Locals run as an unusual snowfall hits some parts of Johannesburg, August 7, 2012.
Credit: Reuters/StringerJOHANNESBURG | Wed Aug 8, 2012 12:18pm EDT
JOHANNESBURG (Reuters) - A South African couple married this week after a bout of unusually cold weather allowed them to fulfill a light-hearted promise to tie the knot the next time Johannesburg was covered in snow.
Portuguese emigre Rui Moca and Monique Joubert had planned to wed next year, but when South Africa's biggest city was shrouded in a rare blanket of snow on Tuesday, Joubert's sister called Jacaranda FM to tell them about the couple's dream of a "real" white wedding.
The radio station leapt into action, organizing a minister, lawyer, photographer, flowers, cake and limousine, and the couple were married on air in the studio in the early evening - with Moca's family listening in from Europe over the Internet.

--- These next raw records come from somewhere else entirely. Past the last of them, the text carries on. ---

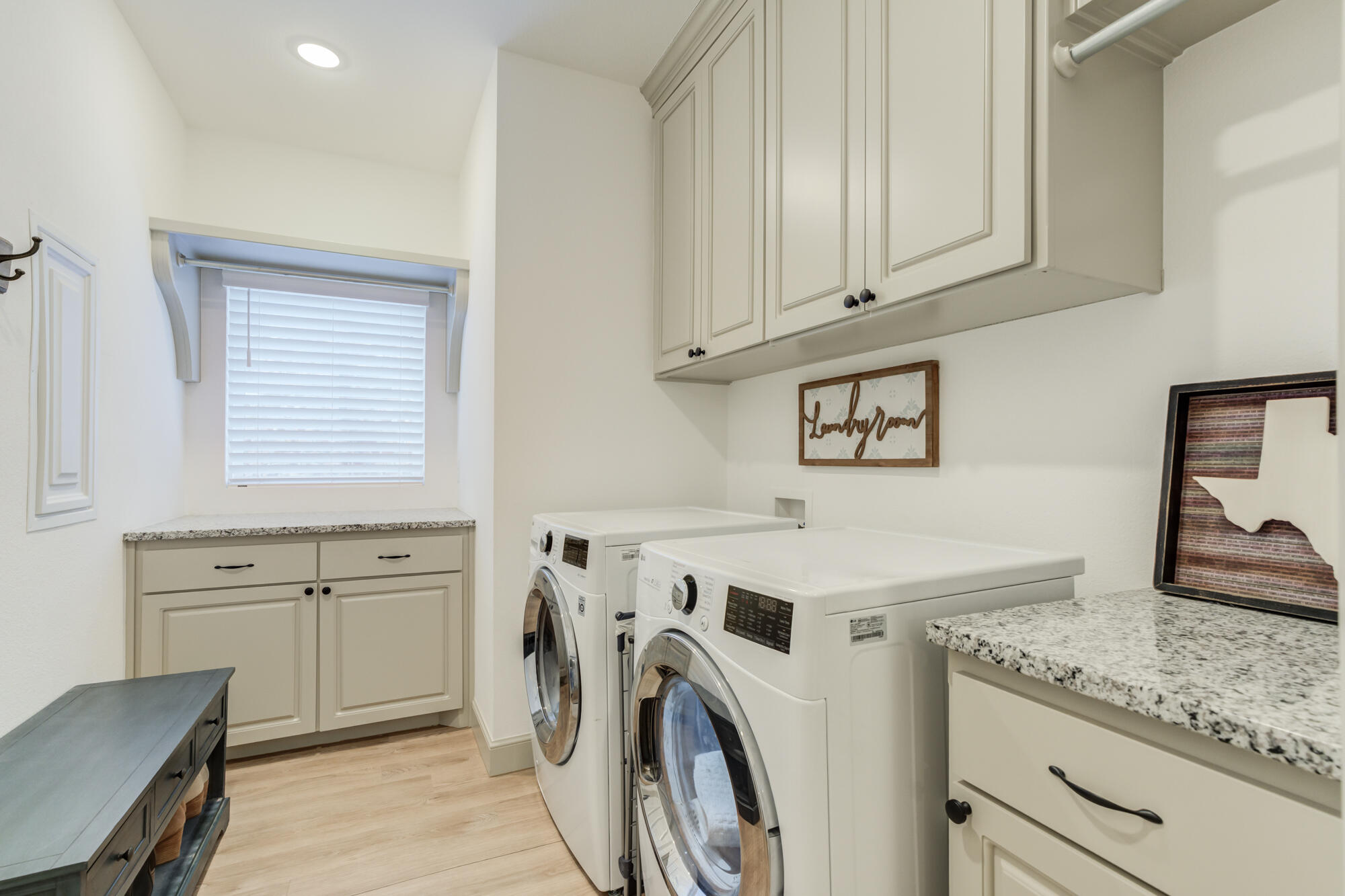 4018 137th Street Lubbock, TX 79423 - Photo 44 of 50 4018-137th-St_Lubbock-TX_48_Laundry-Room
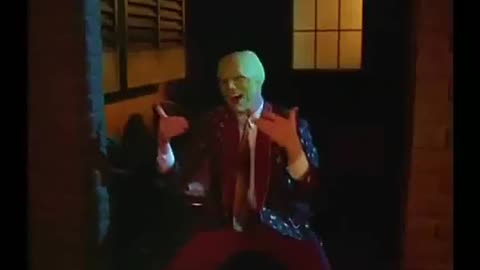 The Mask 1994 Funny Scene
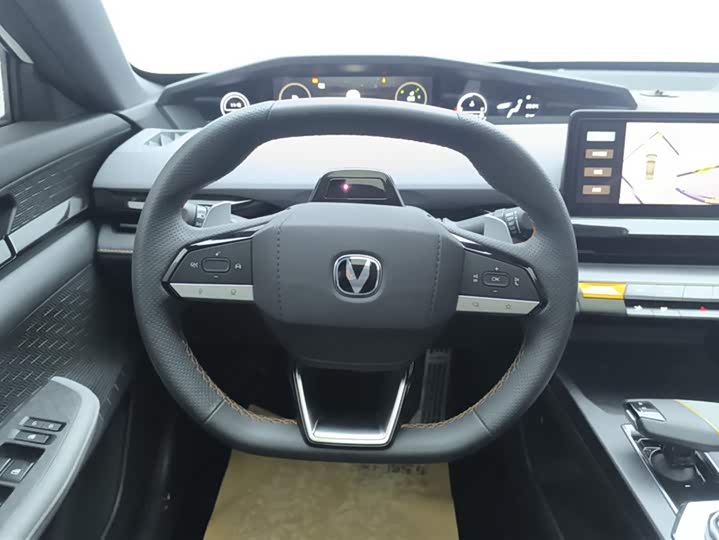 Фото 15 - Changan UNI-V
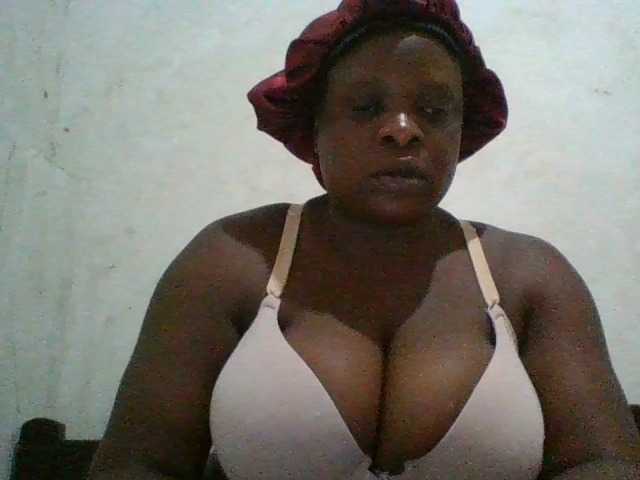 bigboobies2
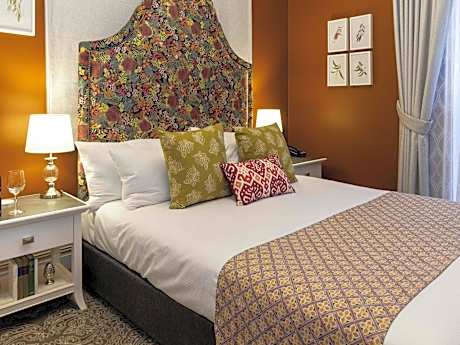 Manor Queen Room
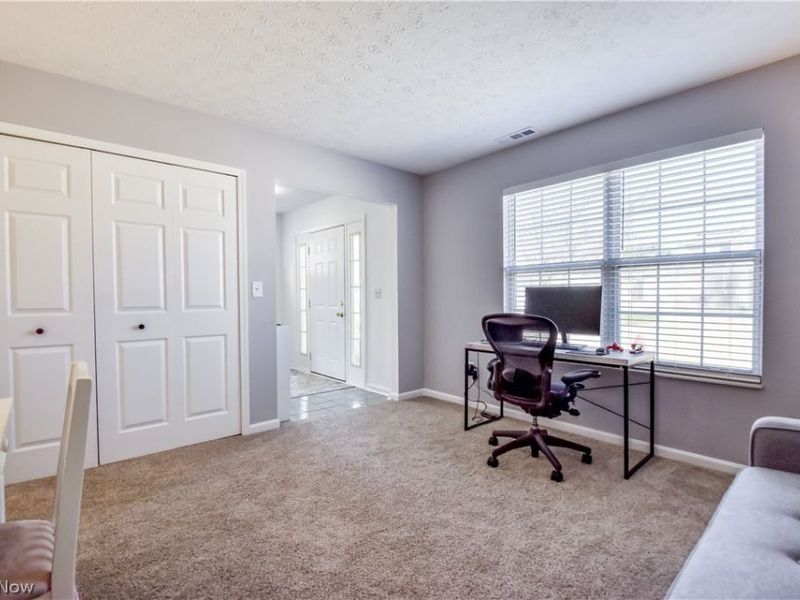 8712 Elmdale Trce, Macedonia, OH 44056 Photo 7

"The entire wedding with all the bells and whistles was organized in just three hours," Jacaranda DJ Martin Bester said.
The snowfall was the first in Johannesburg in five years and the heaviest since 1981. Newspapers ran front-page photographs of snow-clad palm trees and a lion sitting disconsolately in its enclosure at Johannesburg zoo with snow gathering in its mane.
The cold snap also disrupted travel in Africa's biggest economy, with drifting snow and sub-zero temperatures shutting the motorway between the main port of Durban and the economic hub of Johannesburg for at least 24 hours.